*Exercise aim*: Return the complete listing exactly as it reads, with each picture removed.

*Provided data*:
'''
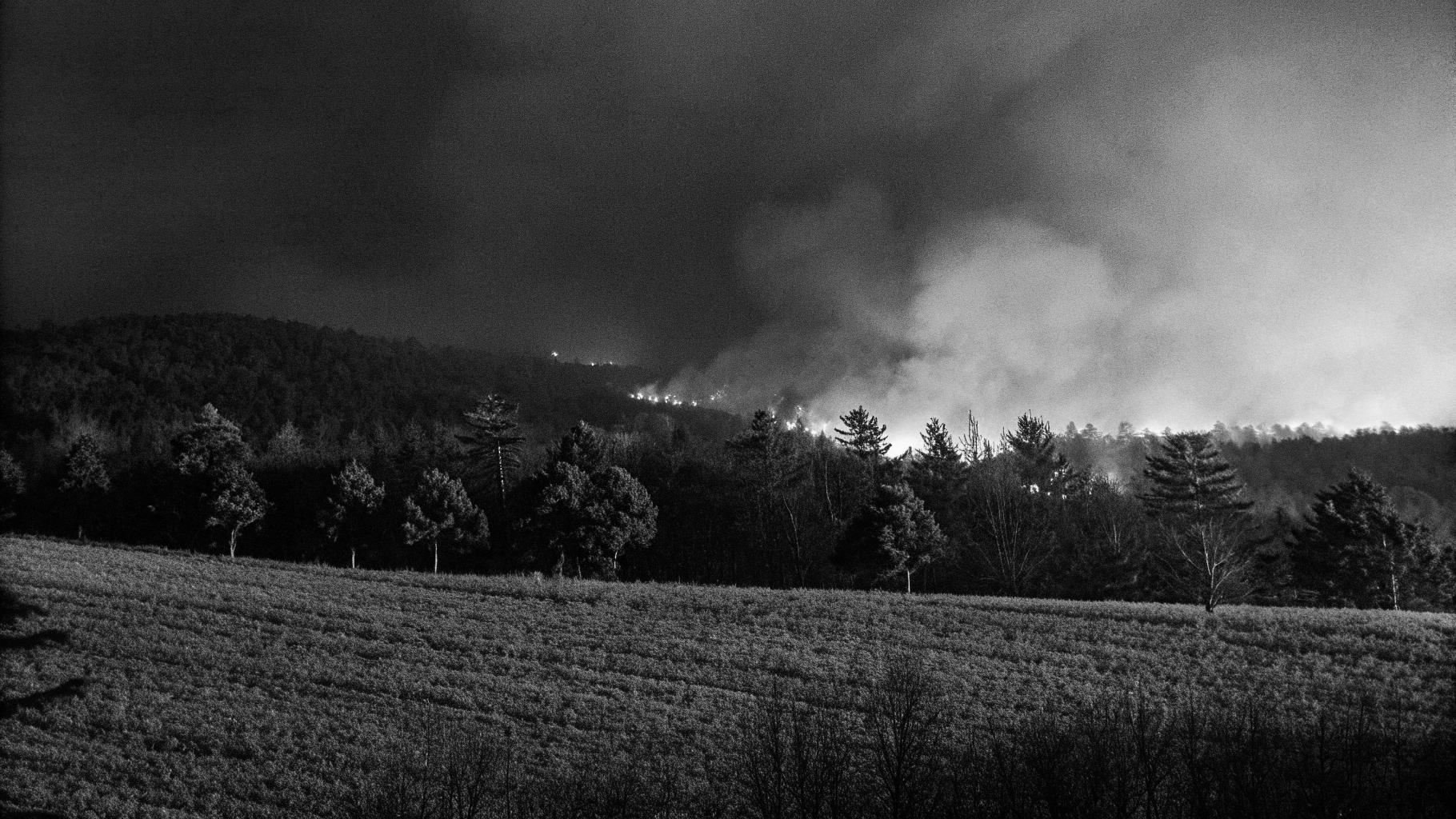 Paysage de massif forestier méditerranéen avec fumée dense et intervention de secours, sans personnes identifiables
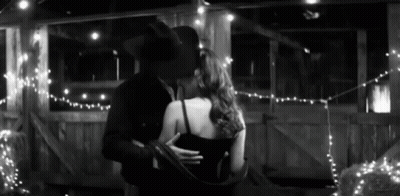 Man And Woman Hugging At Table GIF
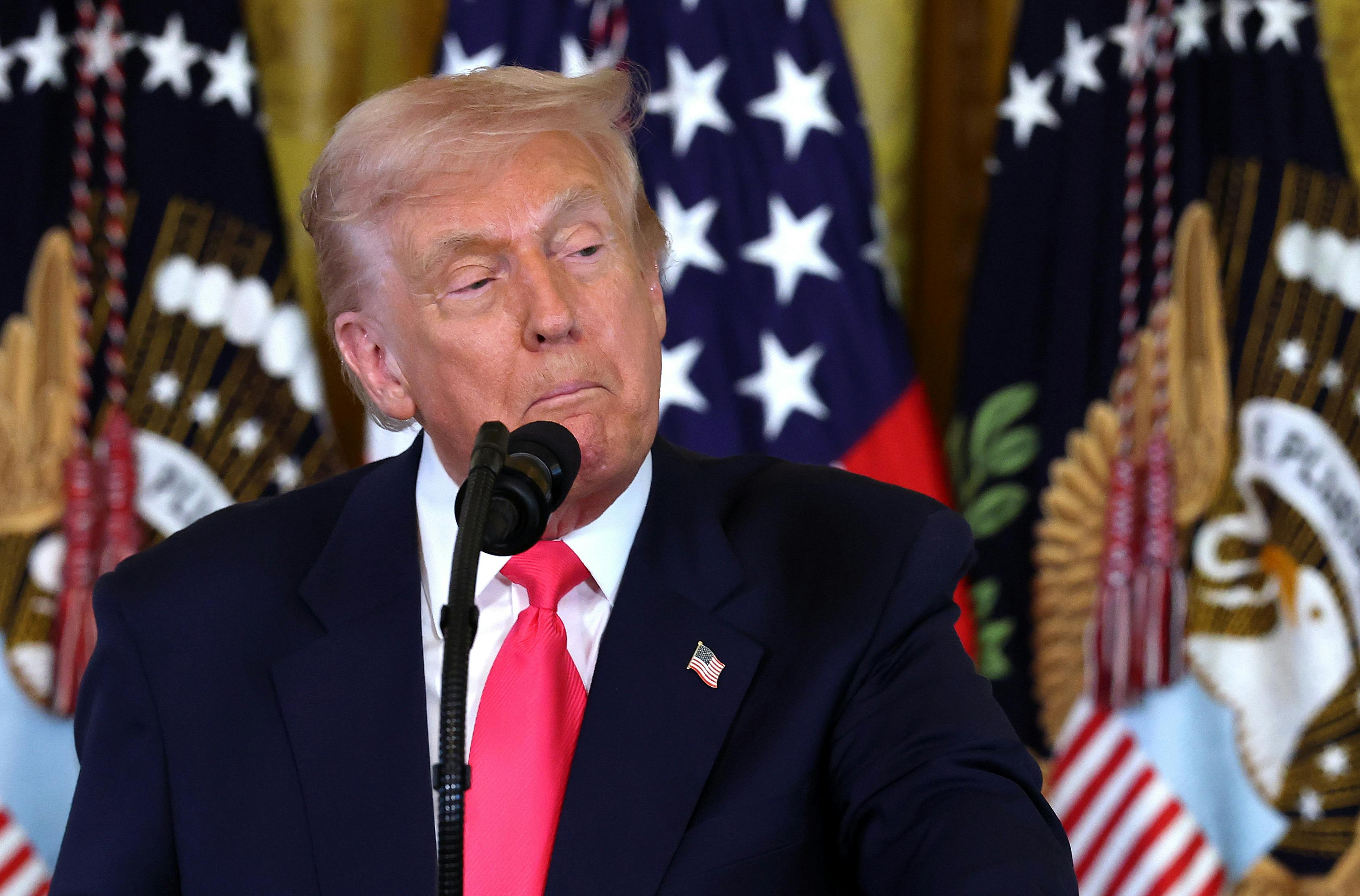 Donald Trump pulls the corners of his mouth down as he stands at a microphone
'''
*Output below*:
 Paysage de massif forestier méditerranéen avec fumée dense et intervention de secours, sans personnes identifiables
 Man And Woman Hugging At Table GIF
 Donald Trump pulls the corners of his mouth down as he stands at a microphone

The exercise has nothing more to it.